◆ Directions for this task:
Every record below must come back exactly as written, with the images dropped.
BEGIN Extracted information
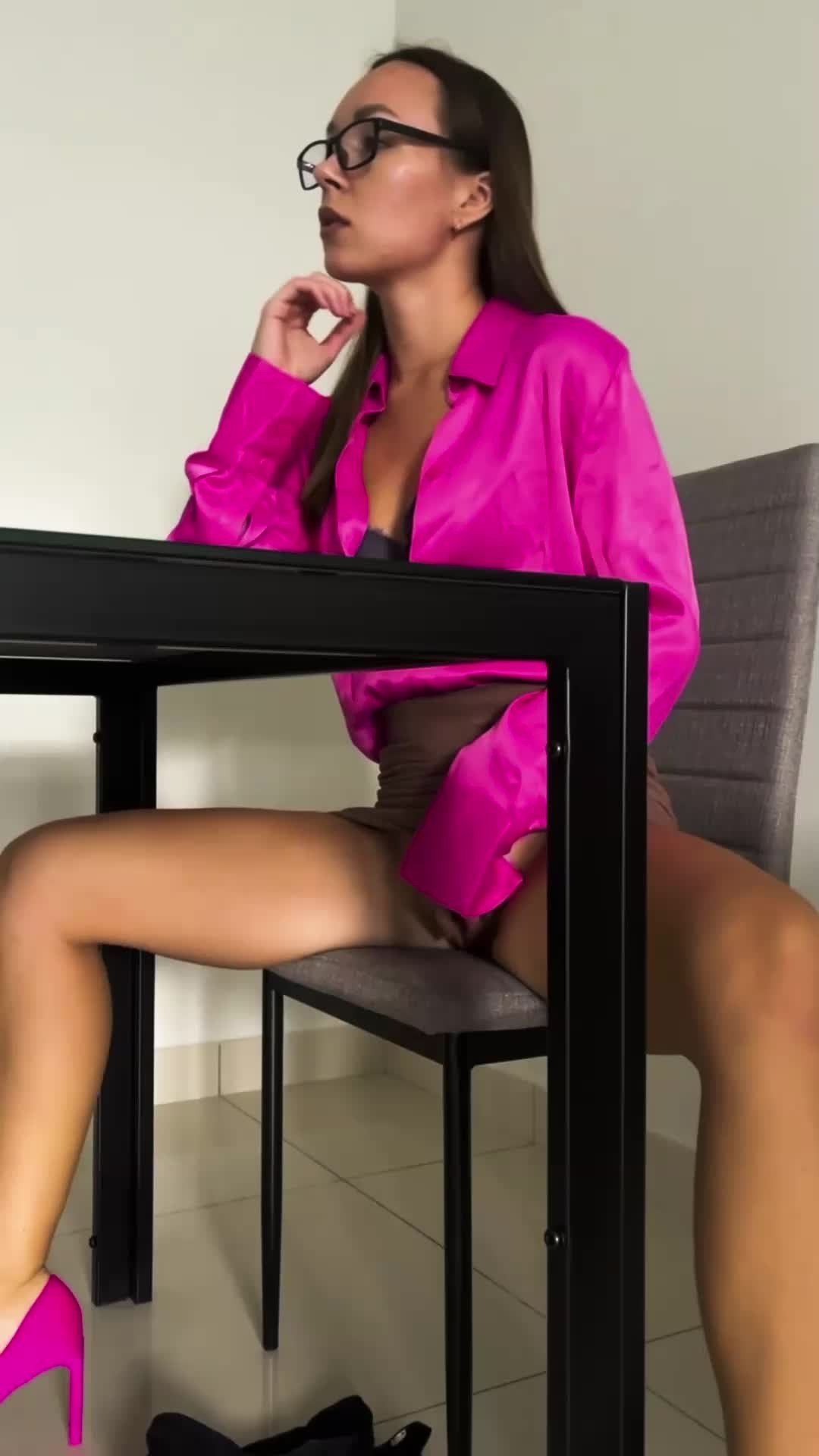 Video by Laura Lagoon with the username @LauraLagoon, who is a star user,  May 11, 2024 at 1:39 AM. The post is about the topic Amateurs and the text says 'Do you think I have a chance of getting a job? 👇
https://onlyfans.com/laura_lagoon/c13'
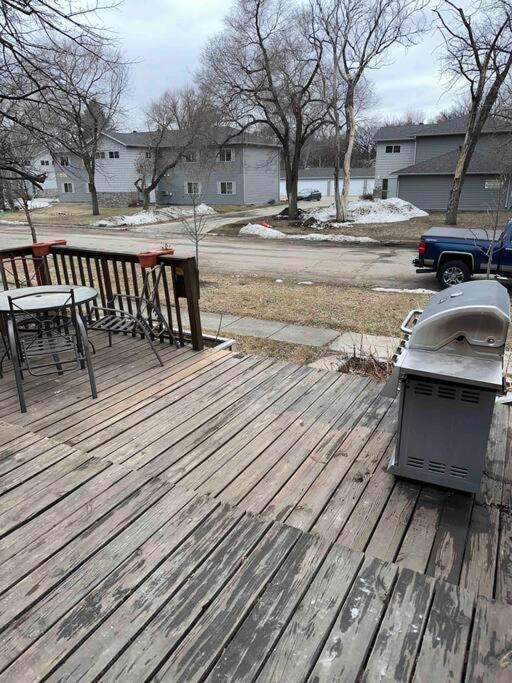 Hot Tub 5 Beds Apartment Moorhead Екстериор снимка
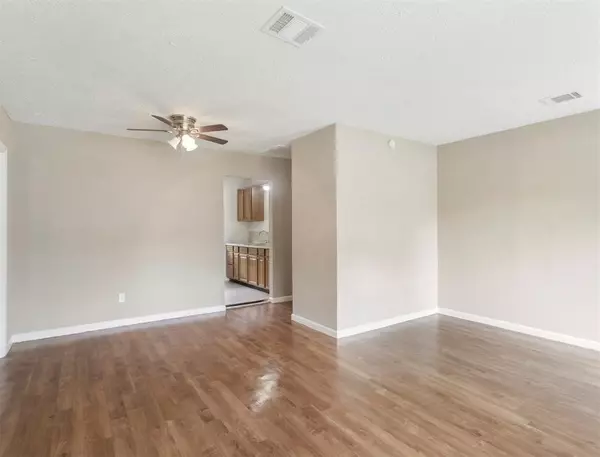 Houston, TX 77022,351 Victoria DR
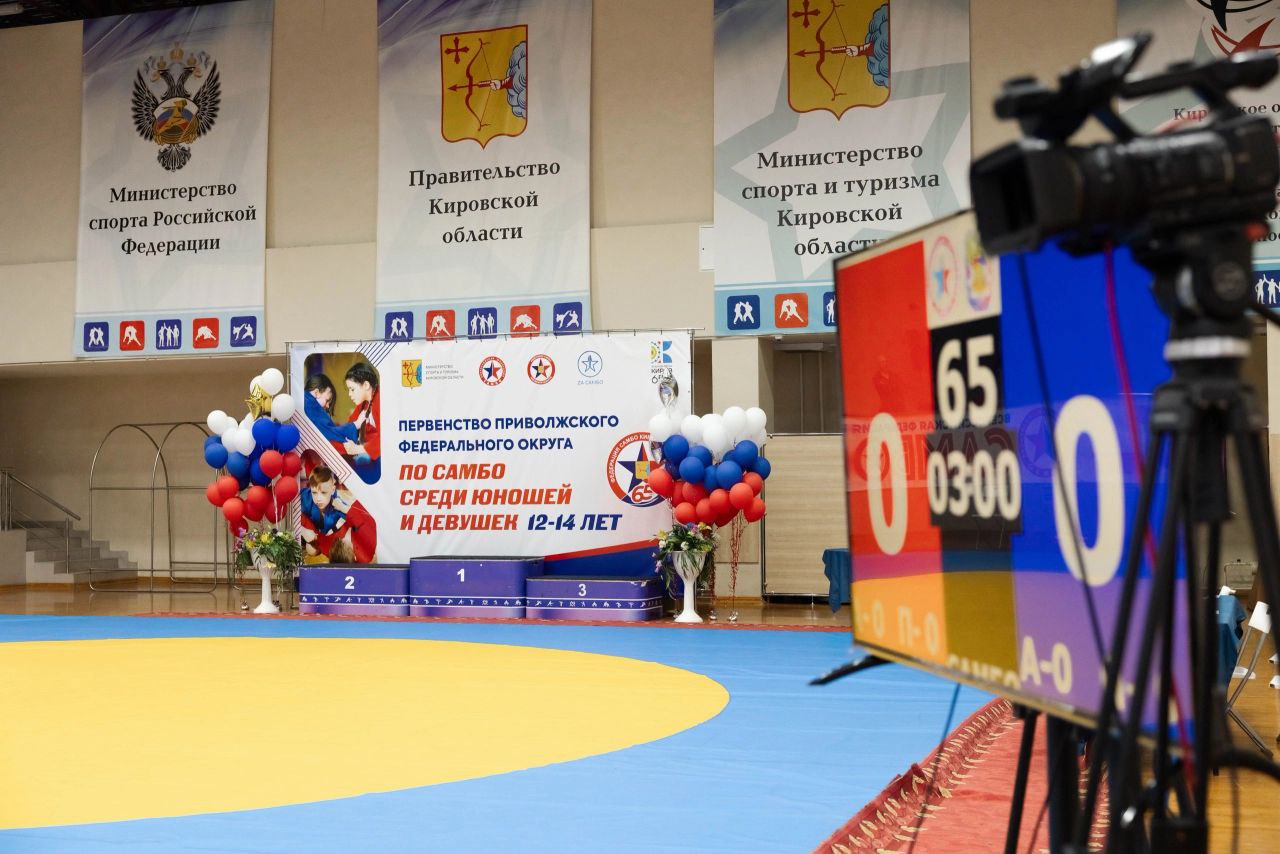 Для спортивной школы «Юность» приобретен новый борцовский ковер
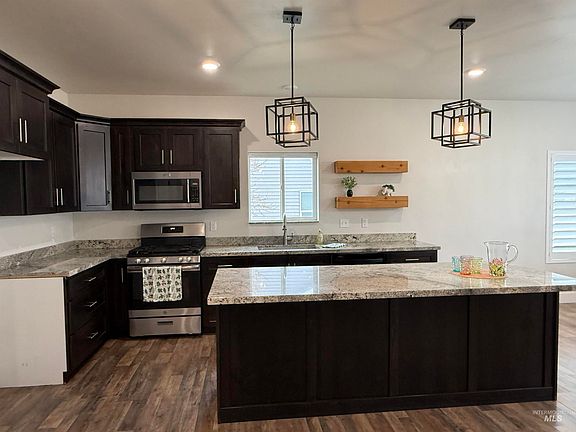 4th image of 1011 Thunder Mountain St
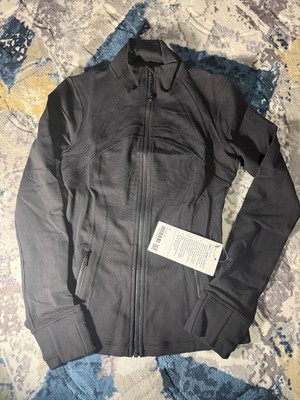 Lululemon Define Jacket Cropped Nuluサイズ4 Brand New Lululemon Define Cropped Jacket *Nulu ™ Size 4 Small
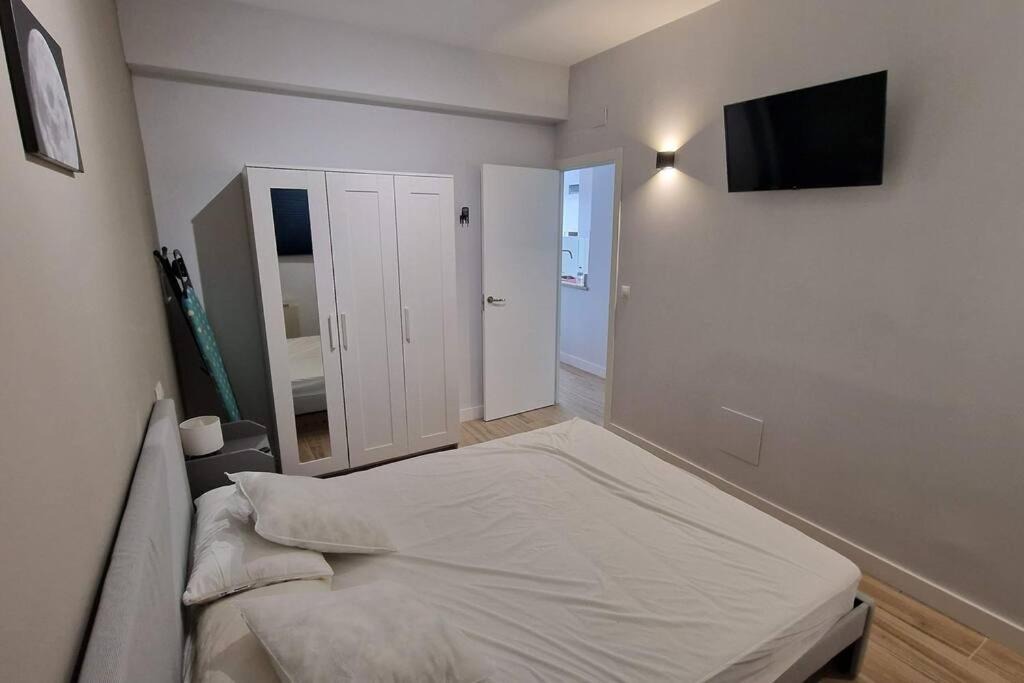 Photo of Bedroom in Villa de Vallecas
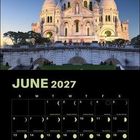 "JUNE 2027" steht oben auf einem Kalenderblatt. Darunter ist eine beleuchtete weiße Basilika unter einem Nachthimmel mit Mond.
END Extracted information
◆ Solution to the exercise:
 Video by Laura Lagoon with the username @LauraLagoon, who is a star user,  May 11, 2024 at 1:39 AM. The post is about the topic Amateurs and the text says 'Do you think I have a chance of getting a job? 👇
https://onlyfans.com/laura_lagoon/c13'
 Hot Tub 5 Beds Apartment Moorhead Екстериор снимка
 Houston, TX 77022,351 Victoria DR
 Для спортивной школы «Юность» приобретен новый борцовский ковер
 4th image of 1011 Thunder Mountain St
 Lululemon Define Jacket Cropped Nuluサイズ4 Brand New Lululemon Define Cropped Jacket *Nulu ™ Size 4 Small
 Photo of Bedroom in Villa de Vallecas
 "JUNE 2027" steht oben auf einem Kalenderblatt. Darunter ist eine beleuchtete weiße Basilika unter einem Nachthimmel mit Mond.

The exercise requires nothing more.